Zillow abruptly announced last month that it was ending Zillow Offers. That put thousands of properties it already owned or had agreed to buy in limbo. At the end of the third quarter, Zillow had 9,790 homes in its inventory and 8,172 homes under contract.
Zillow said last week it had made “significant progress” in winding down its Zillow Offers inventory and had either sold, were under contract to sell, or had reached an agreement on terms for more than half of the homes it owns.
But a recent bulk sale to an institutional investor has sparked concern in the industry over how many more of these homes could go to institutional investors. In November, The Wall Street Journal reported that Zillow sold 2,000 of its homes to Pretium Partners, a New York City investment firm. Pretium owns about 70,000 single-family home rentals across 20 markets.

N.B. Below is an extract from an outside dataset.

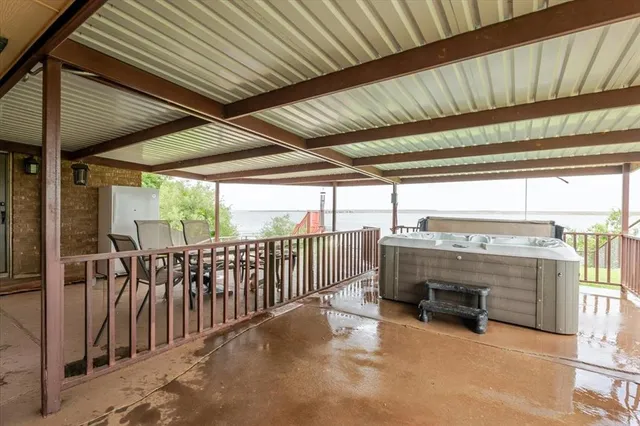a view of a living room and a balcony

U.S. Senators Sherrod Brown, Tina Smith, and Jack Reed sent a letter to Zillow’s CEO Rich Burton on Nov. 8 to raise “serious concerns” over the deal as well as the growing news reports that Zillow had plans to sell 7,000 of its properties for about $2.8 billion to institutional investors—a claim that Zillow says is untrue. The lawmakers wrote that they were concerned Zillow Offers’ housing stock would be sold to institutional investors and turned into rentals at a time when many housing markets are starved for greater housing inventory.

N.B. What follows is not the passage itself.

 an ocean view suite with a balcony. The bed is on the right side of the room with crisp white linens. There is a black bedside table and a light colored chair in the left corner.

Zillow officials said they are considering many options.
“We are pleased with the significant Zillow Offers inventory wind-down progress we've made in such a short time,” Zillow Group CFO Allen Parker said in a recent statement. “We will continue to be disciplined in our inventory wind-down strategy and evaluate a variety of options to best optimize net cash flows to the company.”
In November, Zillow announced it was shutting down Zillow Offers and eliminating a quarter of its workforce. At the time, CEO Rich Barton pointed to “unpredictability in forecasting home prices far exceeds what we anticipated” and said Zillow Offers was causing “too much earnings and balance-sheet volatility” for the company. Barton said in a statement last week that ending Zillow Offers will allow the company to have “a more capital efficient balance sheets and business moving forward.” Zillow also announced a repurchase program, buying up to $750 million of its stock.
Zillow launched Zillow Offers in December 2019 and grew it quickly, giving homeowners an option to sell their homes instantly to Zillow for cash.